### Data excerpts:
<<<<

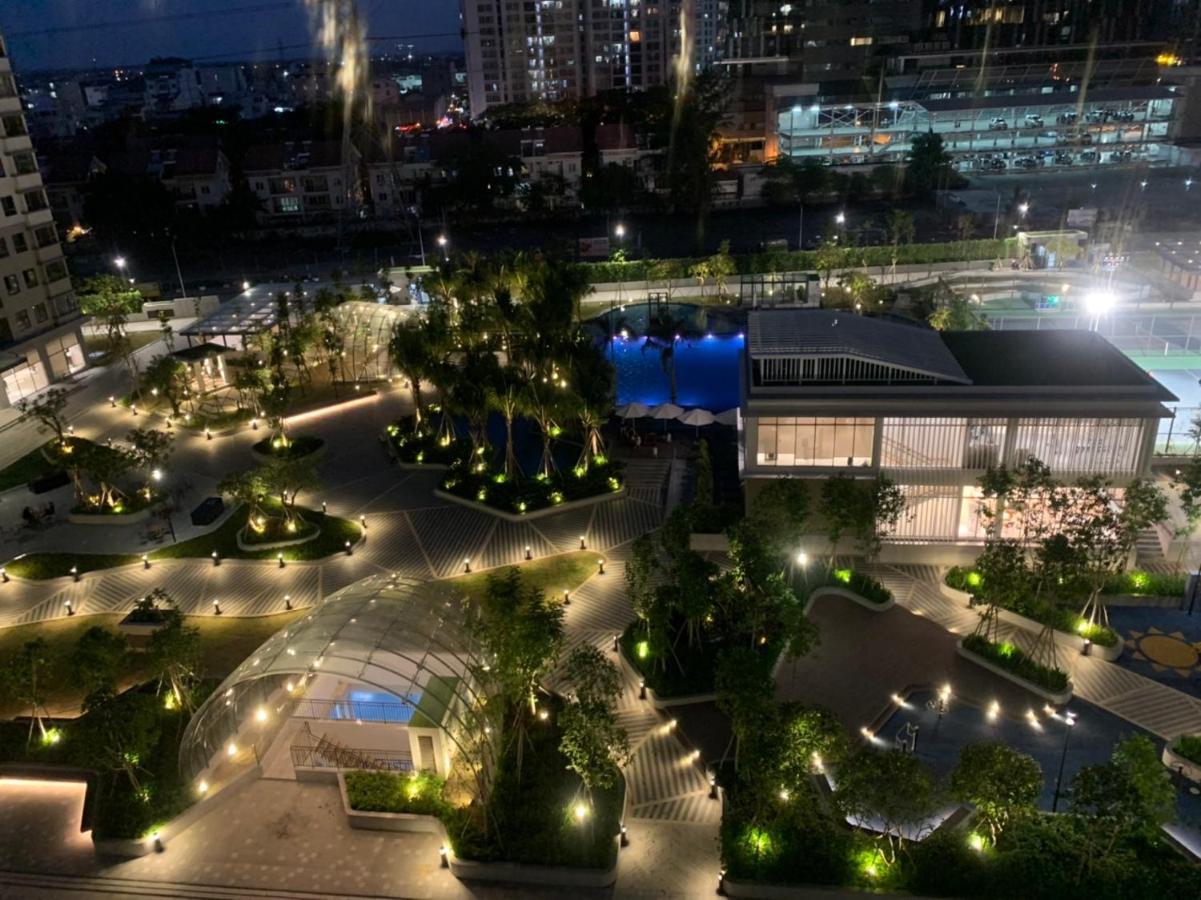 مدينة هوشي منه Saigon South Residence - Vina We Stay المظهر الخارجي الصورة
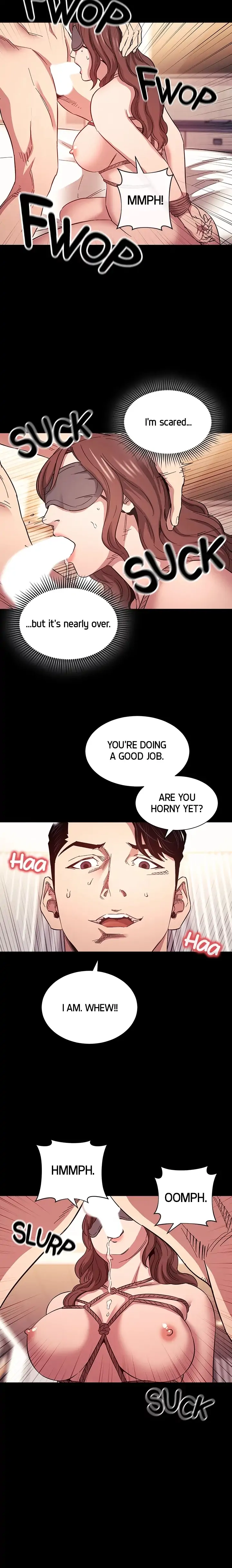 Hunting Moms Chapter 53 - Page 8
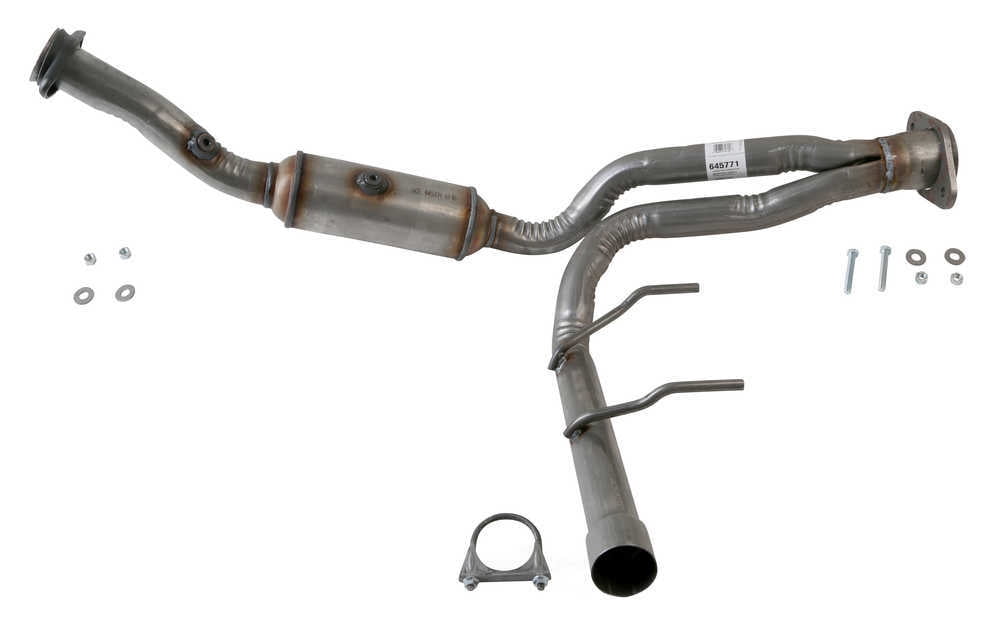 Eastern Catalytic 30649 Federal / EPA Direct-Fit Converter Assembly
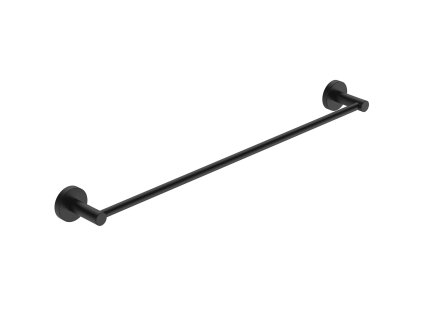 Kúpeľňový vešiak 5601 Leo Black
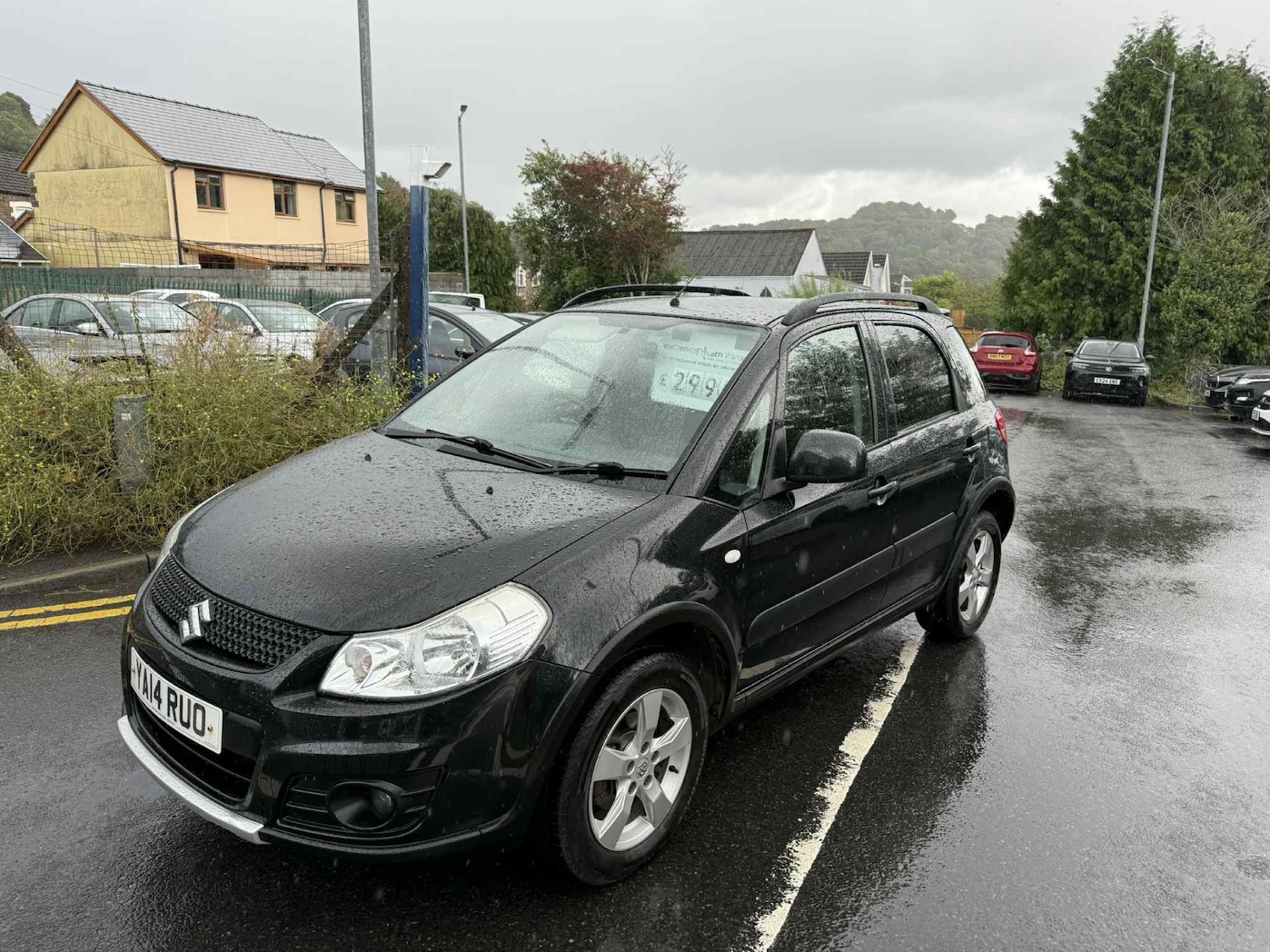 Vehicle 2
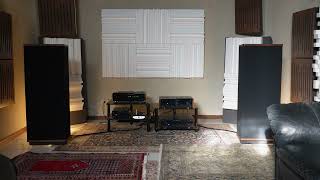 Vandersteen 2Ce Lector ZoeVm200CD7 mk3 [upl. by Ingmar]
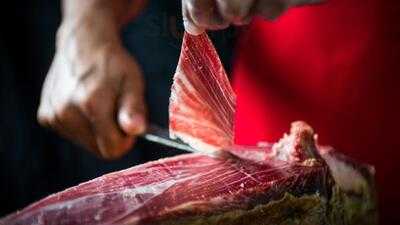 Enrique Tomás Jamon-tapas-vino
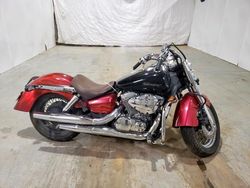 Salvage cars for sale from Copart China: 2008 Honda VT750 C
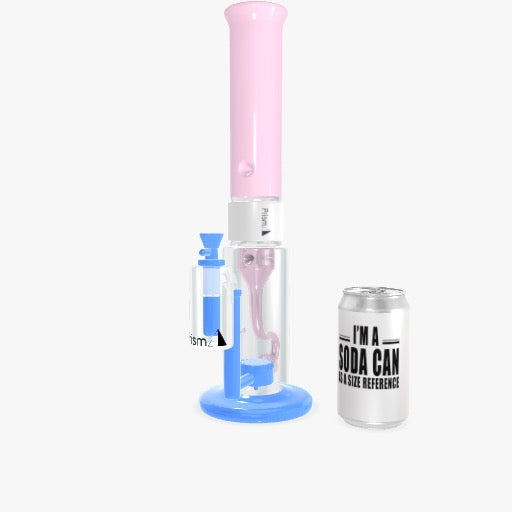 Custom Prism Bong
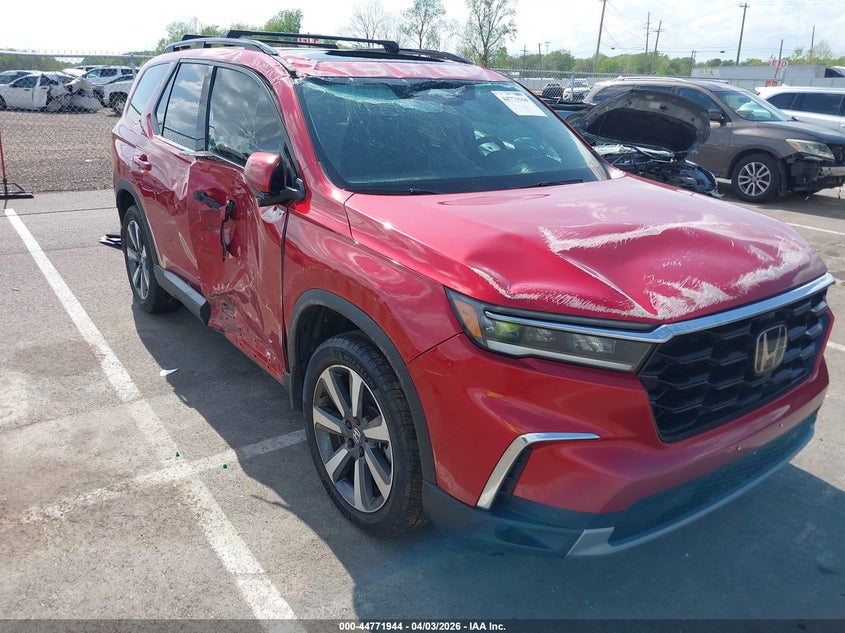 2024 Honda Pilot Touring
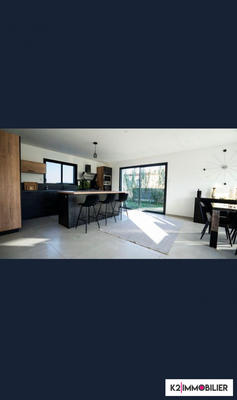 Villa - 119 m² - 4 pièces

>>>>

### TASK DIRECTIONS:
In the entries above, find the line containing "Vandersteen 2Ce Lector"; transcribe exactly that line and every line after it through the end, and only those, omitting pictures.

### ANSWER BOX:
 Vandersteen 2Ce Lector ZoeVm200CD7 mk3 [upl. by Ingmar]
 Enrique Tomás Jamon-tapas-vino
 Salvage cars for sale from Copart China: 2008 Honda VT750 C
 Custom Prism Bong
 2024 Honda Pilot Touring
 Villa - 119 m² - 4 pièces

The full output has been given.